Web page caption snippets:

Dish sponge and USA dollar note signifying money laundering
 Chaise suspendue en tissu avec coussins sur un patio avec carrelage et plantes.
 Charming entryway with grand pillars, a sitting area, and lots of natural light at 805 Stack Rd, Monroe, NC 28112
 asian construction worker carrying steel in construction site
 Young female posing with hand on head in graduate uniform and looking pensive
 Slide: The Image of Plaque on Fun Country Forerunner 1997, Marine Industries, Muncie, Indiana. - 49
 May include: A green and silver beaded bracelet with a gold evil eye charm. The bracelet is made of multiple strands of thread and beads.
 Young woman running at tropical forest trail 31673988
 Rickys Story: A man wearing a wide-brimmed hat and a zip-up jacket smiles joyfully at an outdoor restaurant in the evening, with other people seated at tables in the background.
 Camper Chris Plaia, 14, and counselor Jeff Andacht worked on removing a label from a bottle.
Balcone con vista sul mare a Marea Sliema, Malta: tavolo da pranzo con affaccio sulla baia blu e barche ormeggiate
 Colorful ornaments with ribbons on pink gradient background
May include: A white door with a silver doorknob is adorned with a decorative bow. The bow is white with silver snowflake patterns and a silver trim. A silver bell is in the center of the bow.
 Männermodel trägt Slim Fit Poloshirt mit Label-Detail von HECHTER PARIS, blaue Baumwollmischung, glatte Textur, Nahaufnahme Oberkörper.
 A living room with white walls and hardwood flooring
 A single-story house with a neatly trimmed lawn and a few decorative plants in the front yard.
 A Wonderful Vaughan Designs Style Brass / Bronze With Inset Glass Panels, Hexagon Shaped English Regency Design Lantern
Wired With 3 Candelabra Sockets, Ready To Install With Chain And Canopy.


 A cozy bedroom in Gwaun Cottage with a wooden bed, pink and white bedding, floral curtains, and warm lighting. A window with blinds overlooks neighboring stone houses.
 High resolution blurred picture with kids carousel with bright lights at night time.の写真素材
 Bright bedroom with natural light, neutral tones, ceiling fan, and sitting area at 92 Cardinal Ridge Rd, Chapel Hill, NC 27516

= WHAT YOU WILL DO =
Your reply should hold all the entries, each repeated without a single change.

= ANSWER BOX =
Dish sponge and USA dollar note signifying money laundering
 Chaise suspendue en tissu avec coussins sur un patio avec carrelage et plantes.
 Charming entryway with grand pillars, a sitting area, and lots of natural light at 805 Stack Rd, Monroe, NC 28112
 asian construction worker carrying steel in construction site
 Young female posing with hand on head in graduate uniform and looking pensive
 Slide: The Image of Plaque on Fun Country Forerunner 1997, Marine Industries, Muncie, Indiana. - 49
 May include: A green and silver beaded bracelet with a gold evil eye charm. The bracelet is made of multiple strands of thread and beads.
 Young woman running at tropical forest trail 31673988
 Rickys Story: A man wearing a wide-brimmed hat and a zip-up jacket smiles joyfully at an outdoor restaurant in the evening, with other people seated at tables in the background.
 Camper Chris Plaia, 14, and counselor Jeff Andacht worked on removing a label from a bottle.
Balcone con vista sul mare a Marea Sliema, Malta: tavolo da pranzo con affaccio sulla baia blu e barche ormeggiate
 Colorful ornaments with ribbons on pink gradient background
May include: A white door with a silver doorknob is adorned with a decorative bow. The bow is white with silver snowflake patterns and a silver trim. A silver bell is in the center of the bow.
 Männermodel trägt Slim Fit Poloshirt mit Label-Detail von HECHTER PARIS, blaue Baumwollmischung, glatte Textur, Nahaufnahme Oberkörper.
 A living room with white walls and hardwood flooring
 A single-story house with a neatly trimmed lawn and a few decorative plants in the front yard.
 A Wonderful Vaughan Designs Style Brass / Bronze With Inset Glass Panels, Hexagon Shaped English Regency Design Lantern
Wired With 3 Candelabra Sockets, Ready To Install With Chain And Canopy.


 A cozy bedroom in Gwaun Cottage with a wooden bed, pink and white bedding, floral curtains, and warm lighting. A window with blinds overlooks neighboring stone houses.
 High resolution blurred picture with kids carousel with bright lights at night time.の写真素材
 Bright bedroom with natural light, neutral tones, ceiling fan, and sitting area at 92 Cardinal Ridge Rd, Chapel Hill, NC 27516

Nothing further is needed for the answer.